Sempre defendi e continuo a defender que quando um primeiro-ministro ou um ministro das Finanças transparecer pessimismo deve demitir-se. Aos primeiros sinais de crise Cavaco Silva era um optimista, Braga de Macedo, seu ministro das Finanças, até descobriu que Portugal era um oásis no meio do oceano de crise europeia. Durão Barroso era um optimista depois de deprimir o país com o seu discurso da tanga, Ferreira Leite, a sua ministra das Finanças, andava feita uma barata tonta descobrindo sinais de retoma até nas cotações do PSI 20, na altura fui muito criticado pelos liberais quando aqui gozei com isso. Agora foi a vez de Sócrates ser um optimista e sem ter feito o discurso da tanga meteu-nos logo o fio dental.
É evidente que nenhum país cresce se o discurso dos governantes for pessimista, nenhum empresário nacional ou estrangeiro aposta num país em que nem os seus governantes acredita. Mas o optimismo não pode toldar o raciocínio e a capacidade de decisão, as medidas agora tomadas deveriam ter sido decididas há muito mais tempo, o realismo de agora impunha-se há seis meses, eu próprio defendi aqui em numerosas ocasiões a necessidade urgente de adoptar medidas sérias. Mas nessa altura Teixeira dos Santos garantia que tudo corria como previsto e Sócrates garantia que não ia ficar com uma parte do subsídio de Natal dos portugueses.
Agora vou perder o equivalente a um subsídio de Natal, mas como Sócrates é generoso optou por o cobrar em 14 suaves prestações acrescidas dos competentes juros cobrados sob a forma simpática de aumento dos descontos para a CGA, de cortes na ADSE e de um aumento de dois pontos no IVA. Entretanto acreditei no governo e tomei decisões com base nas declarações do ministro das Finanças e do primeiro-ministro cujas consequências vou ter de assumir, enquanto eu faço contas à vida e verifico se sou viável, o ministro das Finanças e o primeiro-ministro estarão ansiosos por conhecer as próximas sondagens.
É evidente que muitos portugueses vão apoiar estas medidas, até porque houve o cuidado de tramar os funcionários públicos que no tempo de Ferreira Leite foram eleitos como os responsáveis de todos os males e entre estes escolheram-se os menos pobres para reduzir o impacto eleitoral das medidas. É evidente que os mercados vão reagir bem e com medidas adicionais de liberalização do mercado de trabalho até poderá haver recuperação do crescimento.

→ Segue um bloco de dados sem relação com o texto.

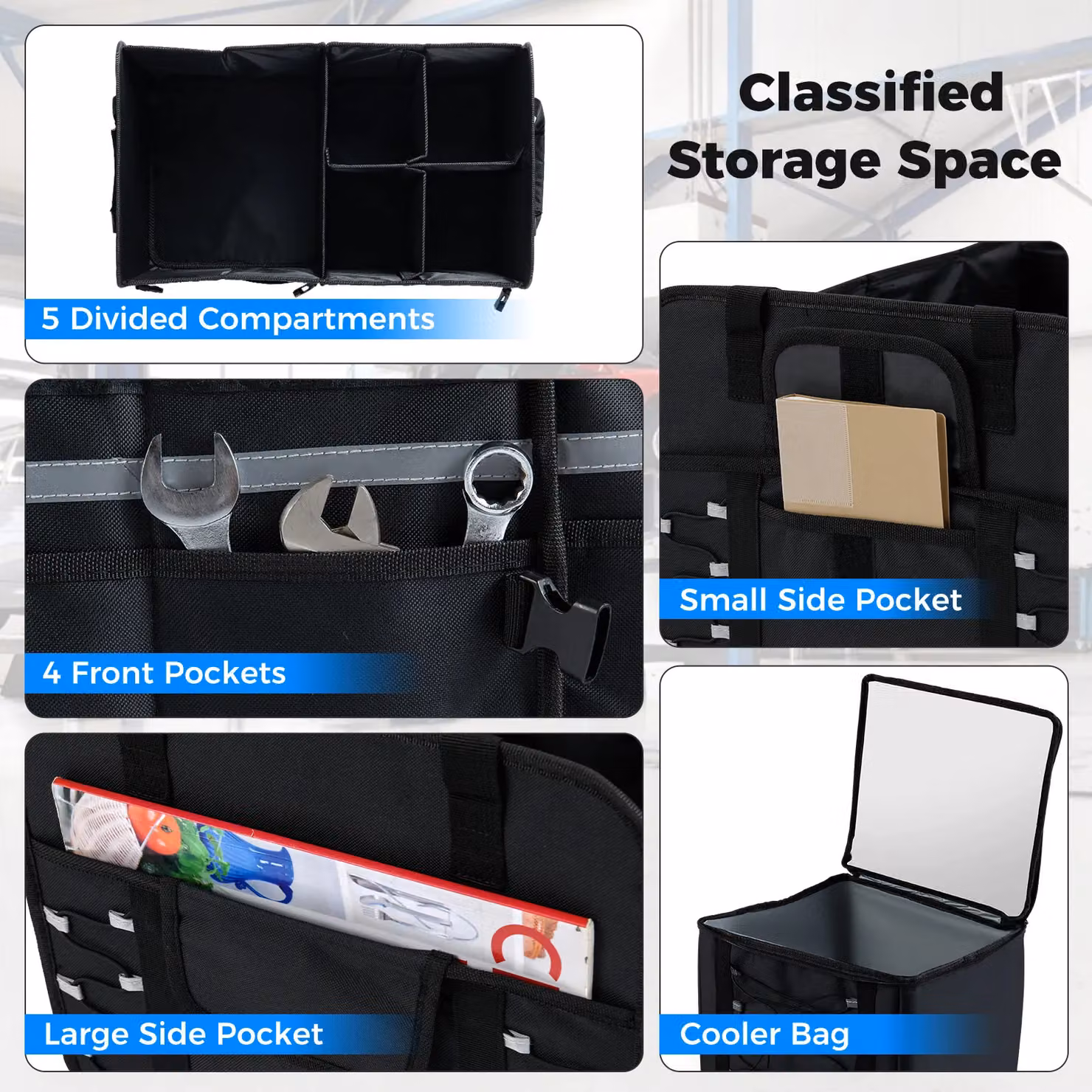 Costway 20L Portable Car Trunk Organizer with Lid in Black – 4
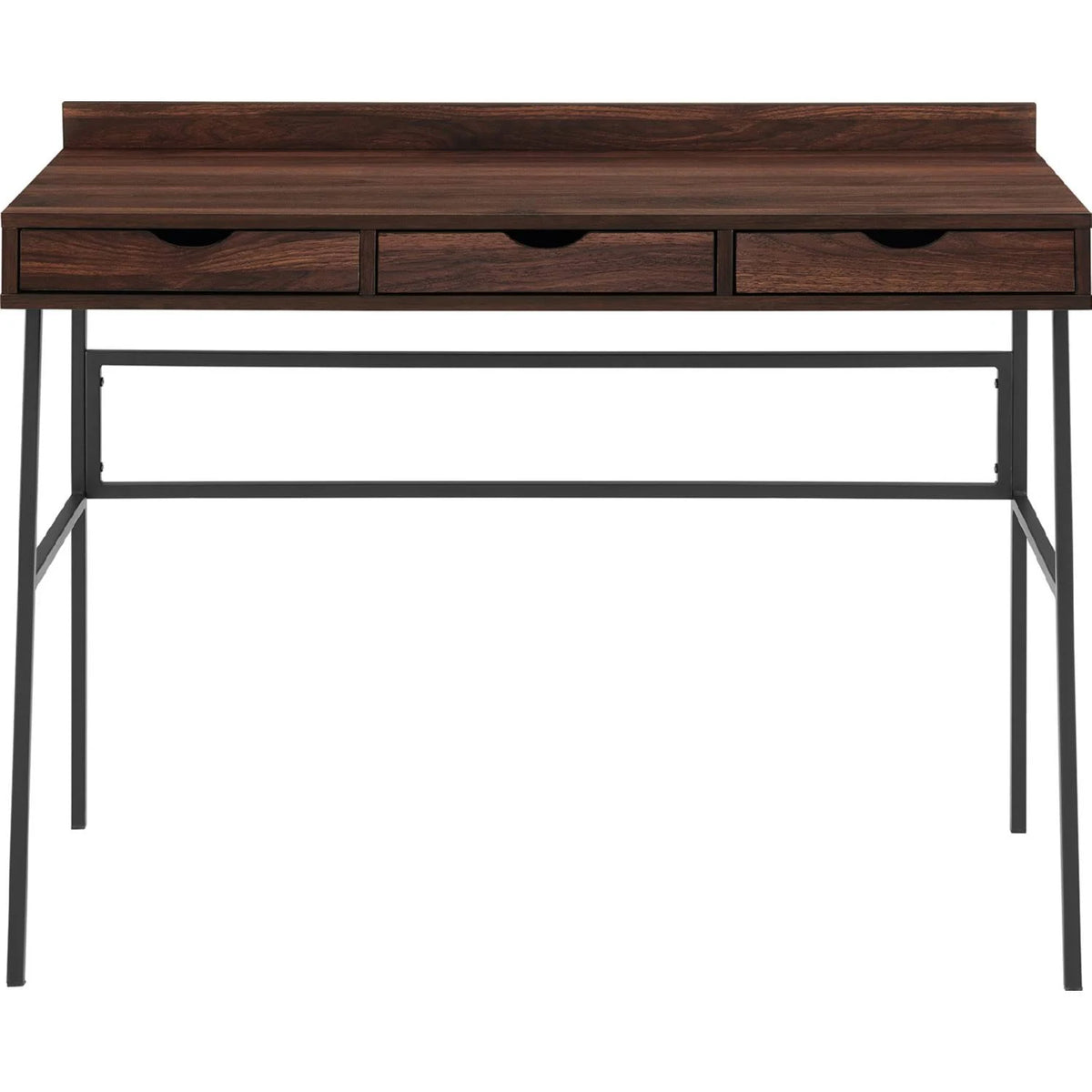42x22 3-Drawer Angled Front Desk Dark Walnut F49051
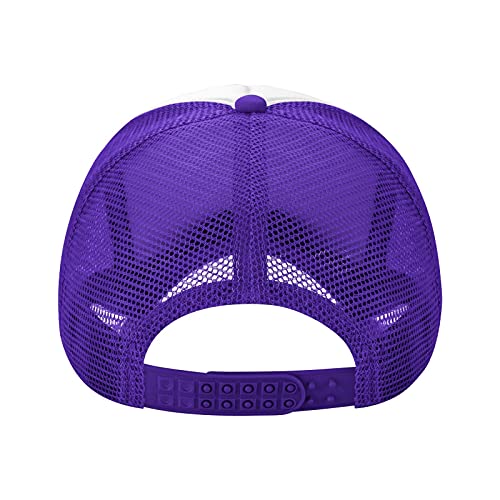 Mens Twisted Trucker Hat Mesh Snapback Adjustable Baseball Cap - color: Purple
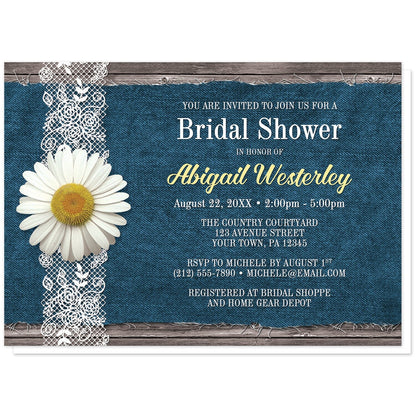Daisy Denim and Lace Rustic Bridal Shower Invitations at Artistically Invited. Daisy denim and lace rustic bridal shower invitations with a white daisy flower on a white lace ribbon along the left side. Your personalized bridal shower celebration details are custom printed in white, light gray, and yellow over a fraying blue denim fabric background illustration over rustic wood.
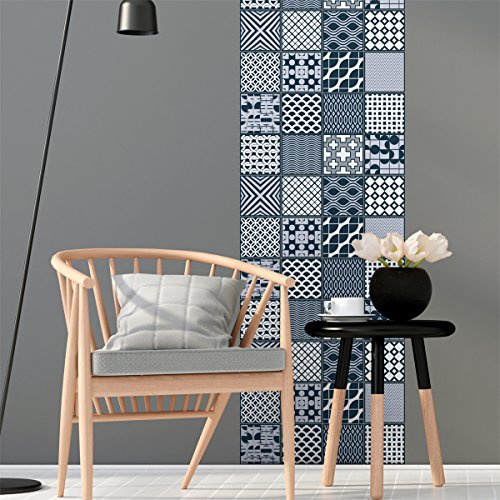 24 Stickers adhésifs carrelages | Sticker Autocollant Carreaux de ciment - Mosaïque carrelage mural salle de bain et cuisine | Carreaux de ciment adhésif mural - azulejos - 15 x 15 cm - 24 pièces
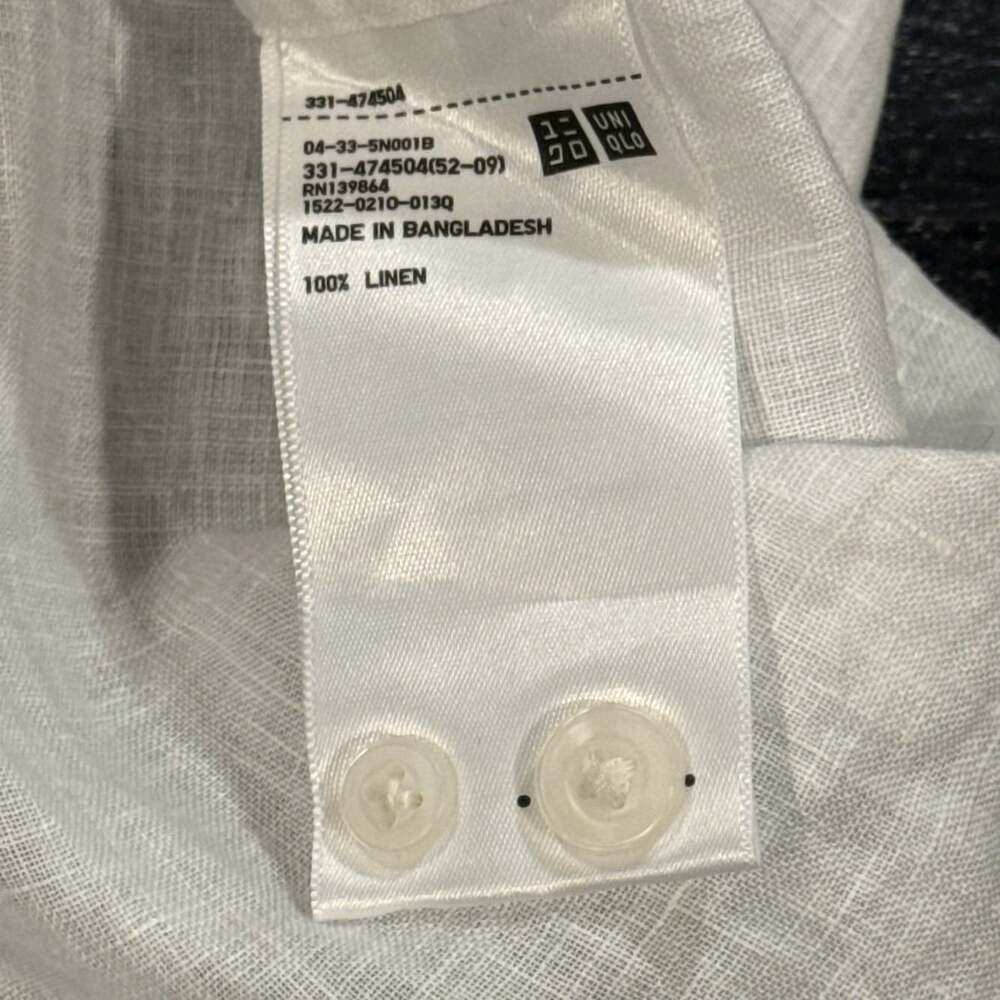 Uniqlo Sz M White Premium 100% Linen Long Sleeve Womens Button Down Shirt - Picture 5 of 7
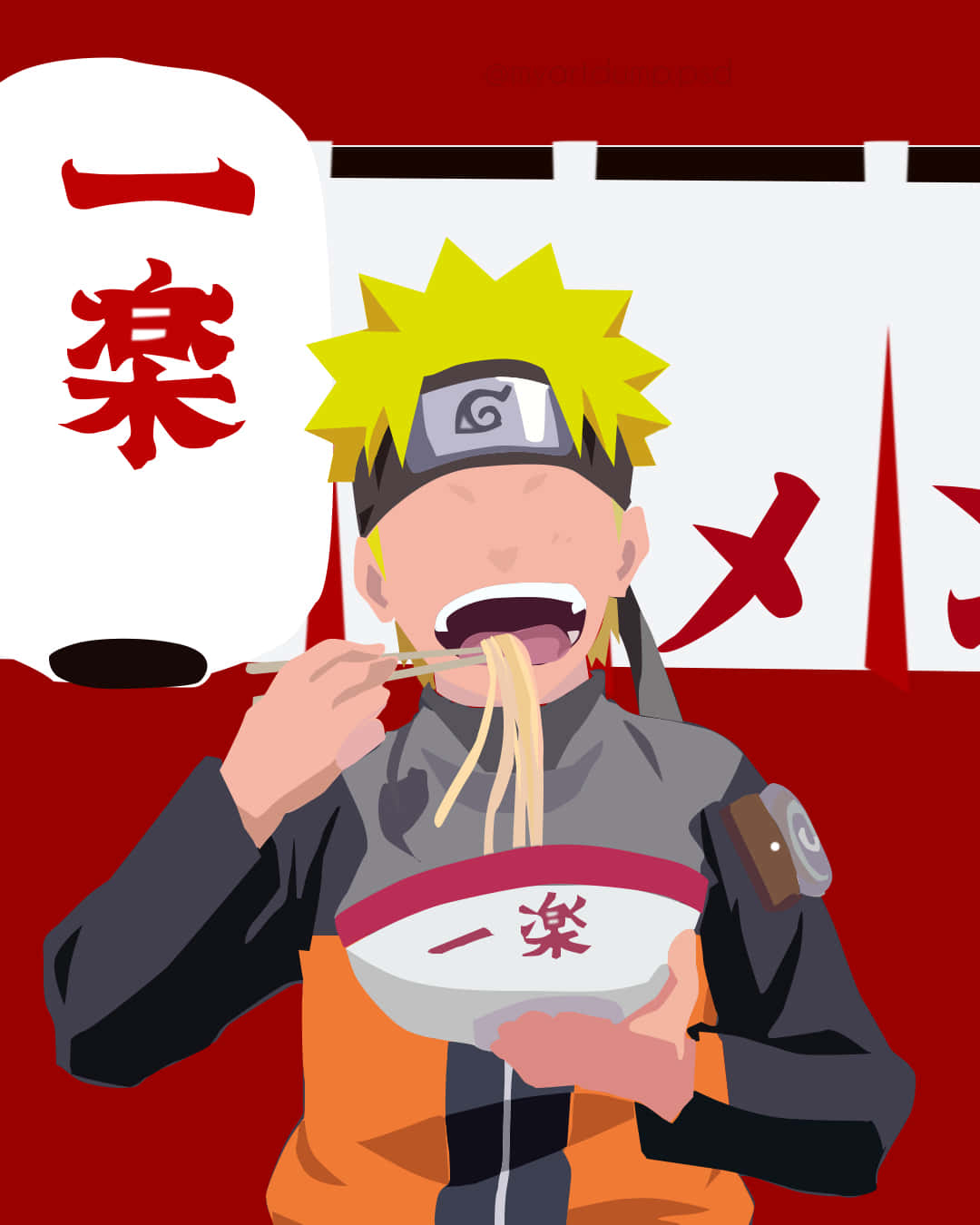 Naruto Eating Ramen Art Background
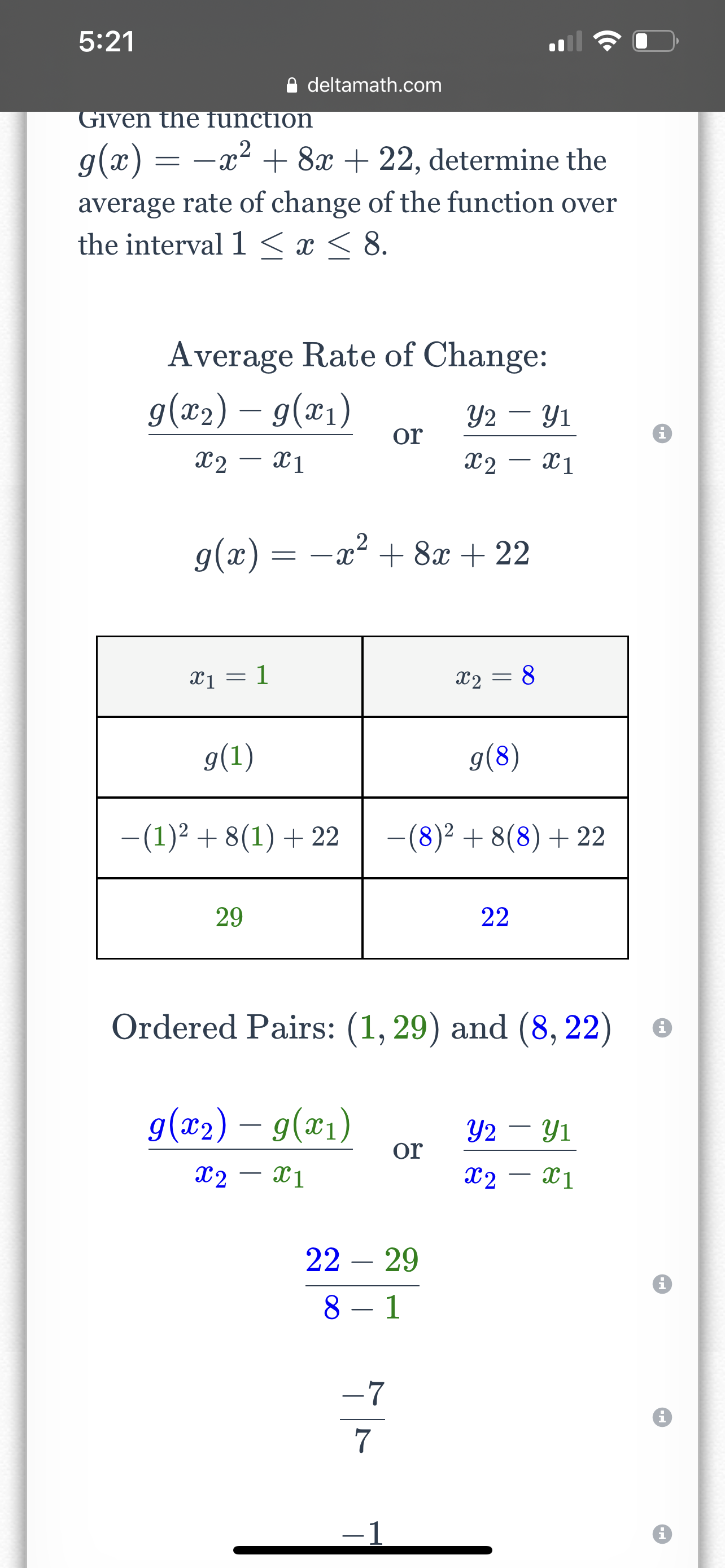 5:21 deltamath.com Given the function g(ac) = -202 + 8x +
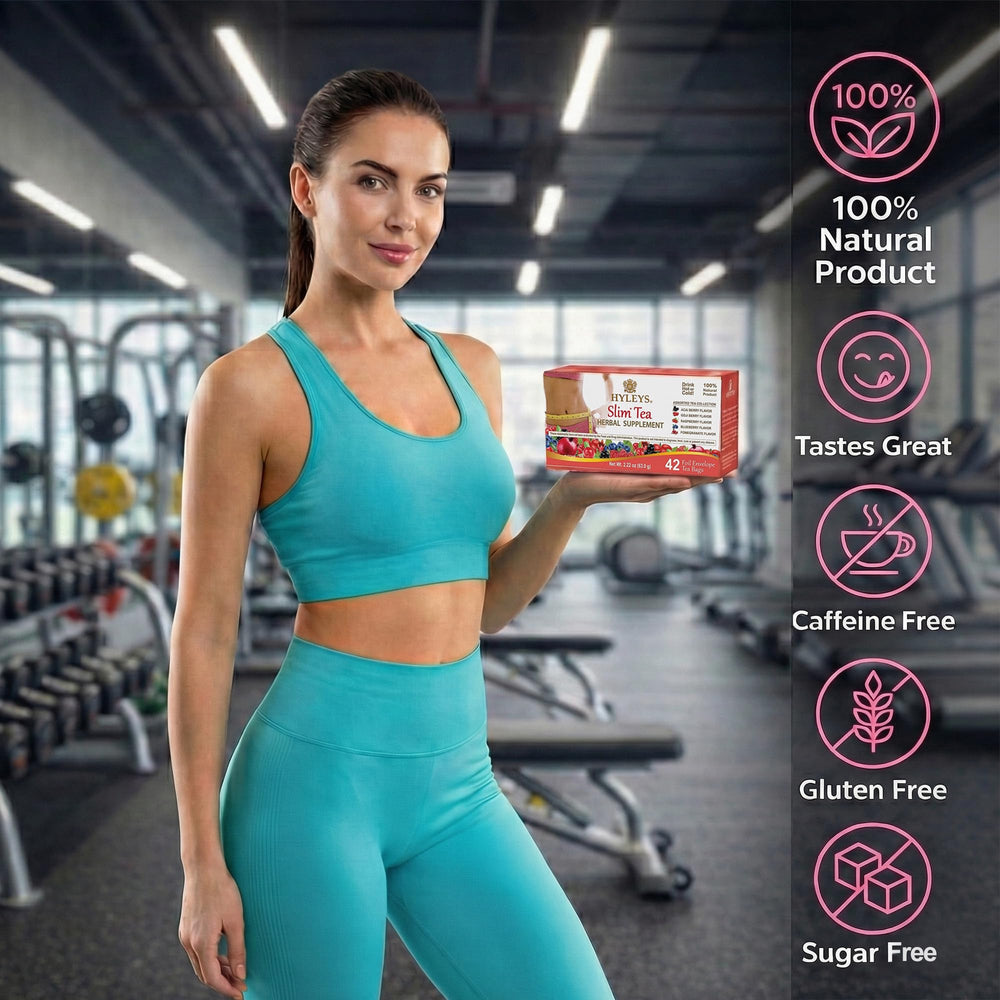Hyleys Slim Tea ready-to-use daily routine for digestion support.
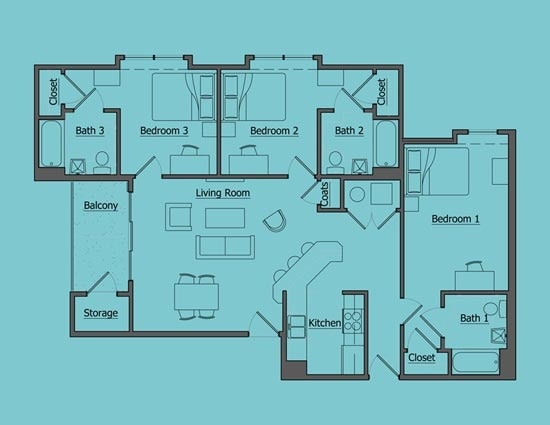 3BR/3BA - The Hangout | Student Housing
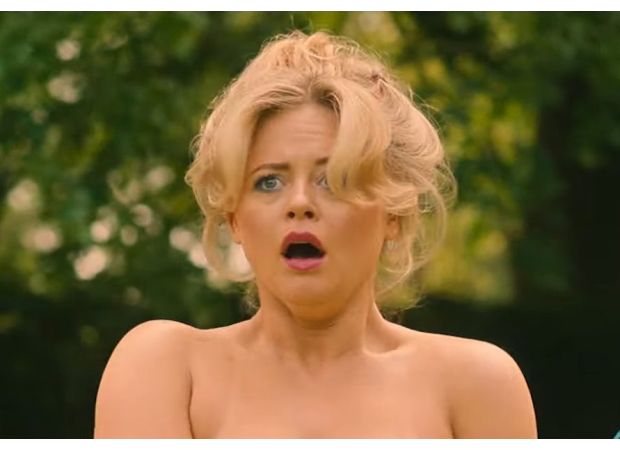 Emily Atack enjoyed being so laid-back that she didn't mind sitting around topless.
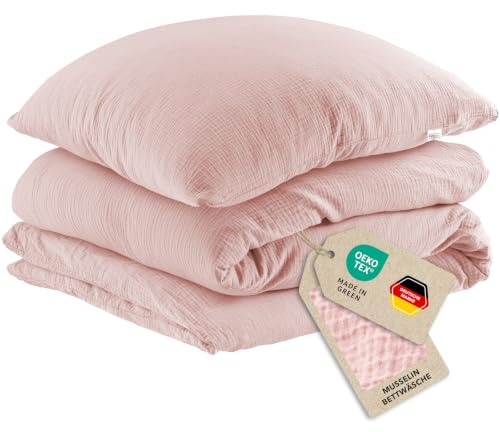 Pure Label Musselin Bettwäsche 135x200+40x80 cm 100% Baumwolle - Rosa | Traumhaft weiche, kuschelige Bettwäsche-Sets aus Musselin - 40° Waschbar
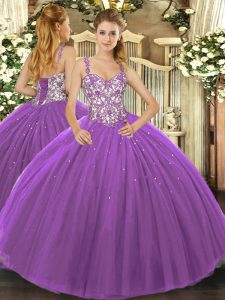 Straps Sleeveless 15th Birthday Dress Floor Length Beading and Appliques Purple Tulle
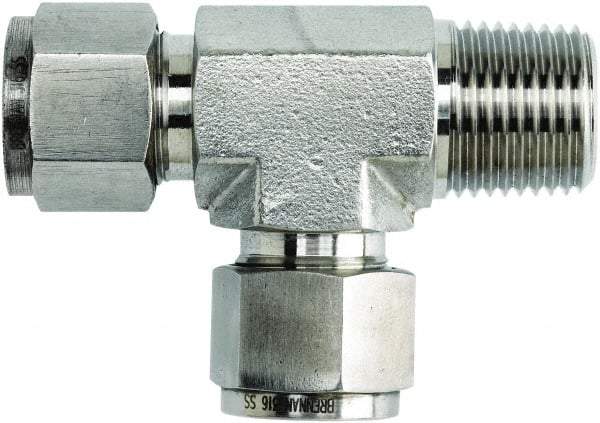 Brennan - 1/2" OD, Stainless Steel Male Run Tee - Comp x MNPT x Comp Ends - USA Tool & Supply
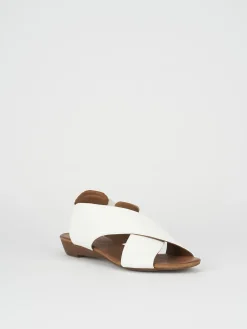 Sandali zeppa tacco 3cm pelle bianco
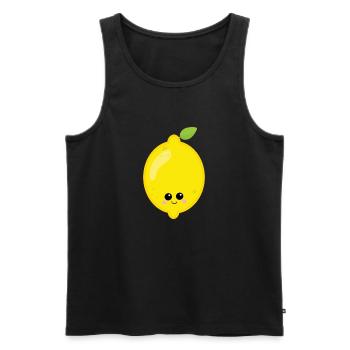 Zitrone - Männer Premium Bio Tank Top - Schwarz - Vorne - AI Model Male 178 light (178cm)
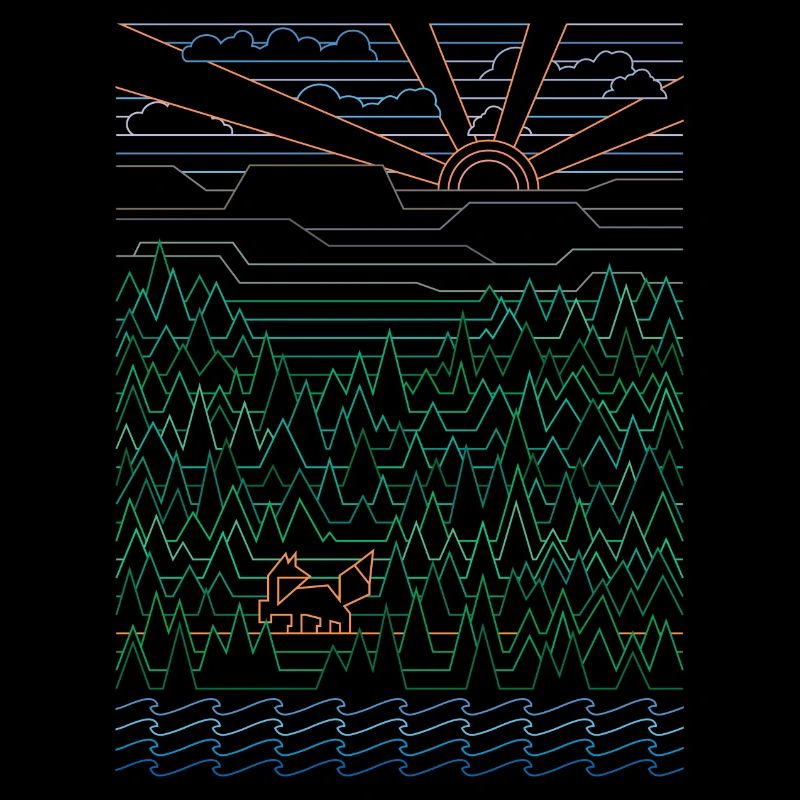Fox & Forest (Landscape)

Mas eu e muitos portugueses foram excluídos dos benefícios desse crescimento económico que parece ser mais desejado pelos benefícios eleitorais do que pelos benefícios sociais. Em poucos anos o meu mundo mudou, sinto que os funcionários públicos foram embarcados numa jangada de pedra que os leva em direcção a um rumo que não é o mesmo do resto do país.
José Sócrates e Teixeira dos Santos poderão estar optimistas mas eu não tenho razões nem para estar optimista, nem pessimista, a cigana leu-me a sina e já sei qual o meu futuro, perder vencimento sempre que os políticos errarem por excesso de eleitoralismo, não ser promovido, pagar as pensões dos que abusaram no passado. Eu sou a ovelha que Sócrates ou Pedro Passos Coelho vão tosquiar sempre que precisem de lã, é mais fácil tosquiar as ovelhas no redil da Função Pública do que apanhar as raposas que se escapam aos impostos.